━━━ MATERIAL PROVIDED
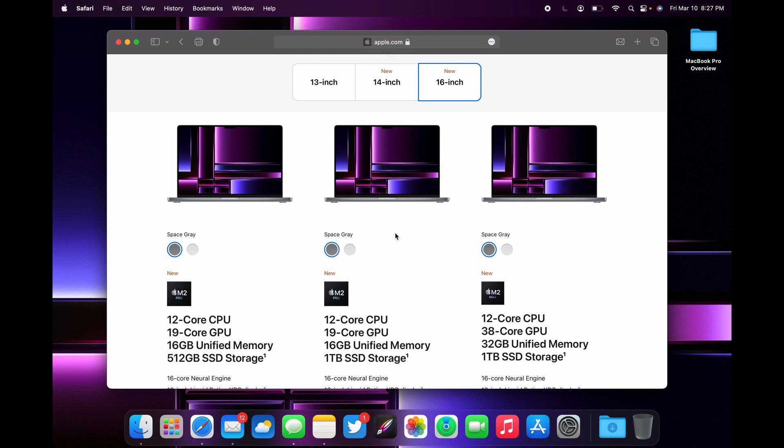But I think overall you're getting a lot more value in this laptop compared to the 13-inch because when it comes to display, speakers, design, and ports, you're getting all the boxes checked on this laptop. There are many good reviewers out there that you can watch who will give you a full in-depth overview of this laptop. Anyways guys, thanks for watching, see you in the next video.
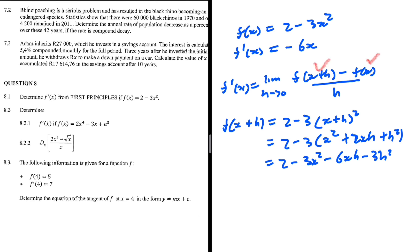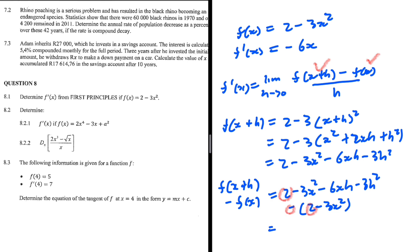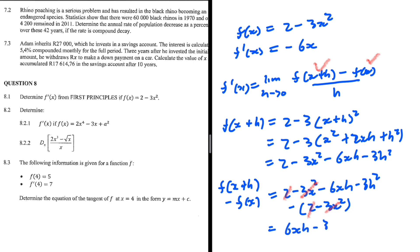Now let's compute f of x plus h minus f of x. f of x is 2 minus 3x squared. So 2 minus 2 is 0, and minus 3x squared minus minus 3x squared gives us 0. So we are left with negative 6xh minus 3h squared.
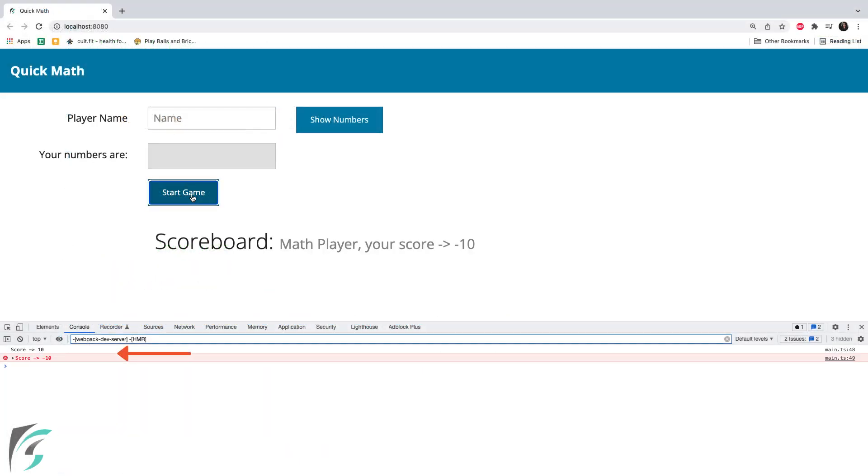Now when I hit the start game button, in the console, the first call with score 10 logs score 10 and in the second call with score minus 10, it is logged as error. And we did this using the function types in TypeScript. Awesome.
━━━━━━
Transcribe the listing in full. Omit the pictures and keep every line exact.

But I think overall you're getting a lot more value in this laptop compared to the 13-inch because when it comes to display, speakers, design, and ports, you're getting all the boxes checked on this laptop. There are many good reviewers out there that you can watch who will give you a full in-depth overview of this laptop. Anyways guys, thanks for watching, see you in the next video.
Now let's compute f of x plus h minus f of x. f of x is 2 minus 3x squared. So 2 minus 2 is 0, and minus 3x squared minus minus 3x squared gives us 0. So we are left with negative 6xh minus 3h squared.
Now when I hit the start game button, in the console, the first call with score 10 logs score 10 and in the second call with score minus 10, it is logged as error. And we did this using the function types in TypeScript. Awesome.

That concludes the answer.